(Saved entries)
::::
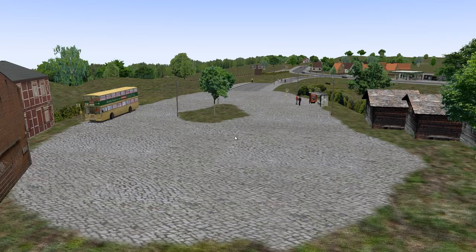When you open up OMSI, you will be redirected to this screen. This screen is just a view from the top and you're not even in the bus, so you have to actually choose a bus first before you can do anything else.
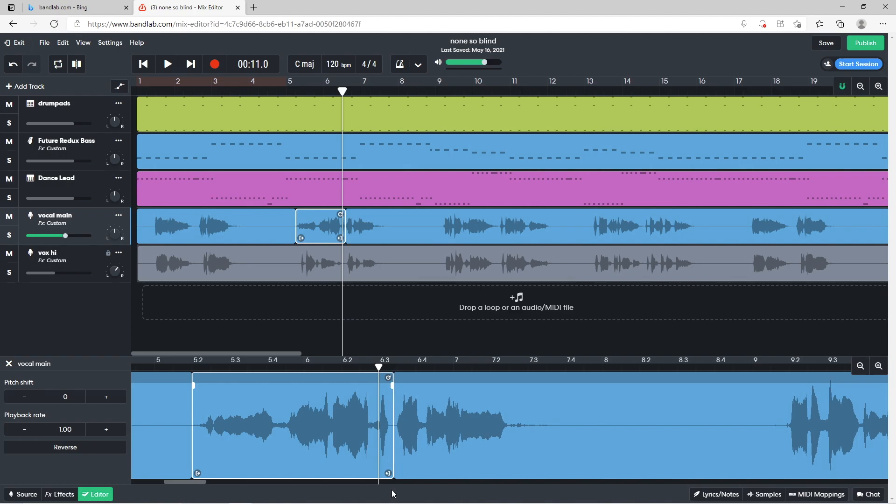Then at the bottom left of the browser window click on editor to close the editor window.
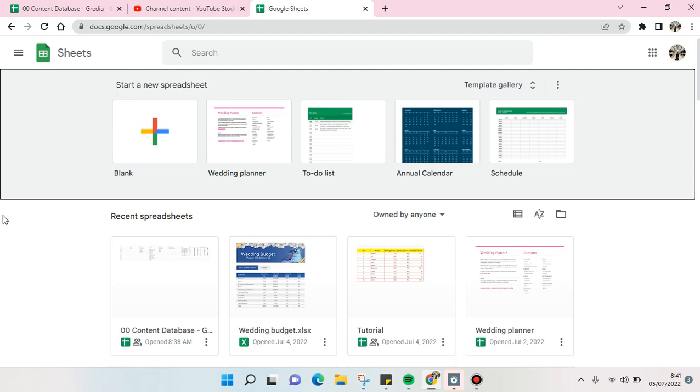Hi guys, welcome back to this channel. On today's video, I'm going to show you how to make a monthly calendar in Google Sheets. I've already opened my spreadsheet, and what you need to do is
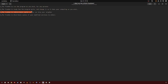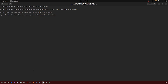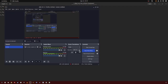Three, the freedom to redistribute copies so you can help your neighbor. And four, the freedom to distribute copies of your modified version to others. Those are the four FOSS free and open source software freedoms.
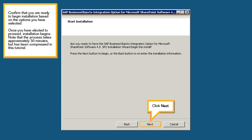Confirm that you are ready to begin installation based on the options you have selected. Once you have elected to proceed, installation begins. Note that the process takes approximately 30 minutes, but has been compressed in this tutorial. Click Next.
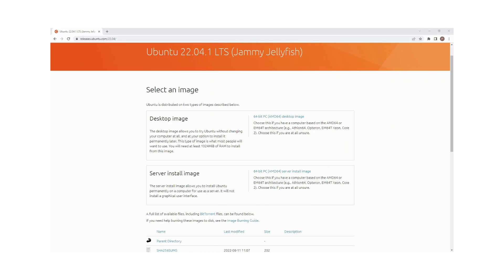Hi, in this video I'll be showing you how to install Ubuntu 22.04 in VirtualBox. I'll be using the latest version of VirtualBox, which is 7.0 at the time of this recording. This latest version, 7.0, allows for an unattended installation process, which is a new feature in VirtualBox.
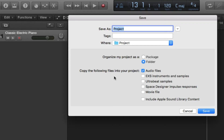Also on the Save As window, you can choose either Package or Folder. Package will save the file into one neat file, and Folder will allow you to click on the folder and view different parts of your project, such as the audio files.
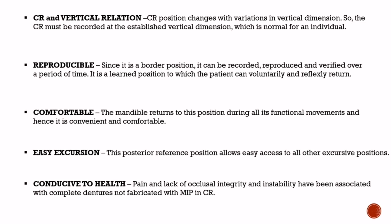Therefore, it is necessary to record centric relation for complete denture construction. Thank you for watching this video, and for more such content related to dentistry, please like, share and subscribe to Simplified Dentistry.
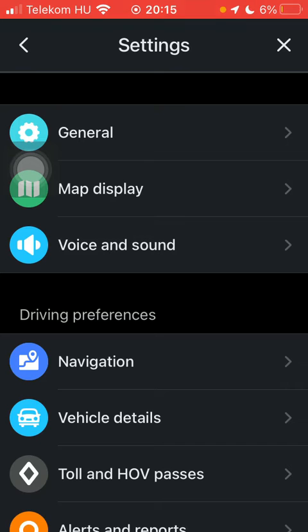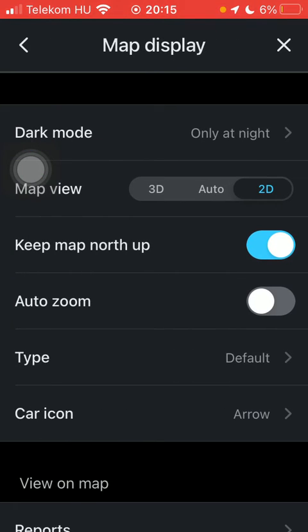Tap on map display, which is the second section. Scroll down to the fourth option, which is AutoZoom. You can turn on this feature by tapping on the button next to it on the right side of the page, thereby enabling it.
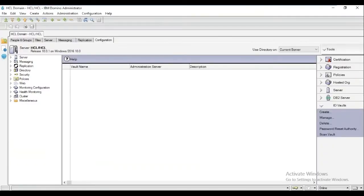Hi, this is Dan from the Domino server team, and today we will be creating a new ID Vault.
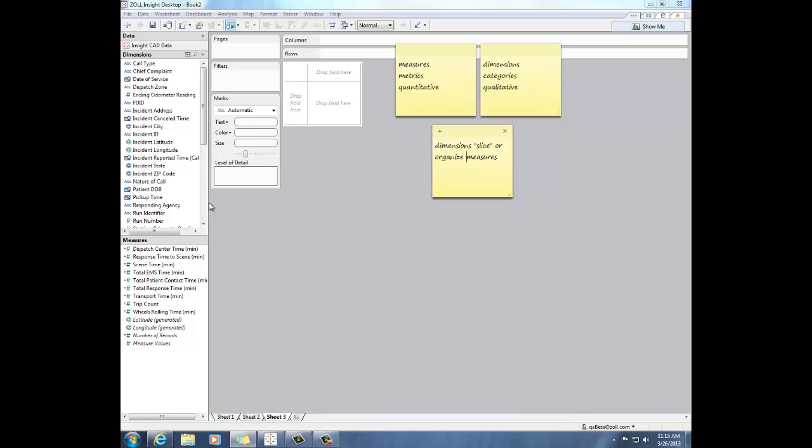Dimensions are the categories in your data. Things like call type, chief complaint, the incident city. Those are things that are categories, they're things that are qualitative as opposed to quantitative.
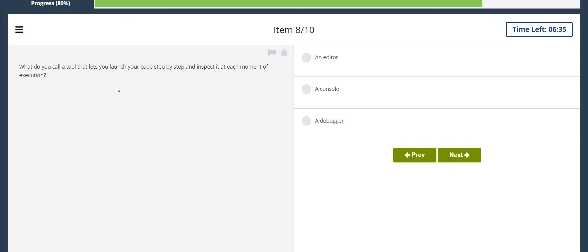What do you call a tool that lets you launch your code step by step and inspect it at each moment of execution? A debugger.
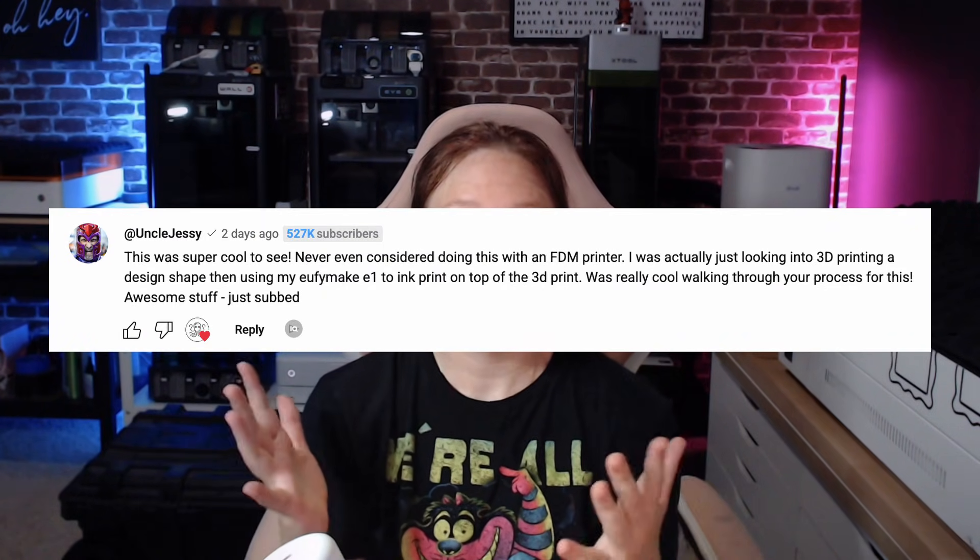In fact, a major channel in the 3D printed space actually commented on my video about how they thought it was really neat. They were wanting to do something similar with the new UV printer that's coming out to market. I'm on the Kickstarter but wasn't lucky enough to get one before to show all of you guys, but there will be videos involving UV Forge's new UV printer in the near future. I'm sure all of you guys are probably familiar with the channel Uncle Jesse.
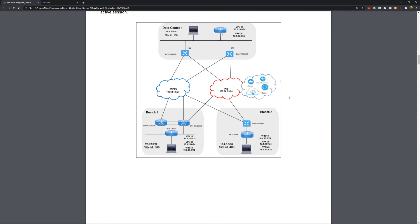Hello everyone, and welcome to the first installment of Cisco's Better Together demo series. Today we're going to be focusing on the integration points between Cisco SD-WAN, which is our cloud-delivered WAN overlay architecture, and Cisco Umbrella, which is our cloud-delivered security platform.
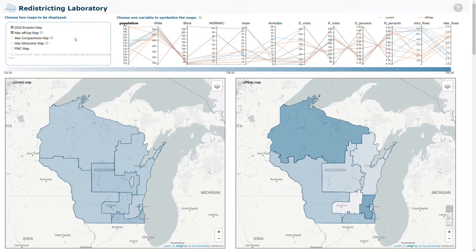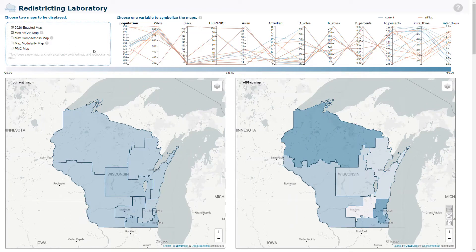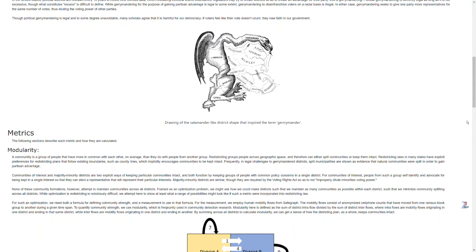To do so, she goes to her website and lands on the home page. She looks around and the first thing she sees are the two maps, and also there are some other panels for her to interact with. Then she scrolls down to see what else is on the website.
::::
Your instructions = Out of the records above, please copy exactly the lines from the line with "Hi guys, welcome" up to and including the line with "Confirm that you", minus the pictures.

Your solution =
Hi guys, welcome back to this channel. On today's video, I'm going to show you how to make a monthly calendar in Google Sheets. I've already opened my spreadsheet, and what you need to do is
Three, the freedom to redistribute copies so you can help your neighbor. And four, the freedom to distribute copies of your modified version to others. Those are the four FOSS free and open source software freedoms.
Confirm that you are ready to begin installation based on the options you have selected. Once you have elected to proceed, installation begins. Note that the process takes approximately 30 minutes, but has been compressed in this tutorial. Click Next.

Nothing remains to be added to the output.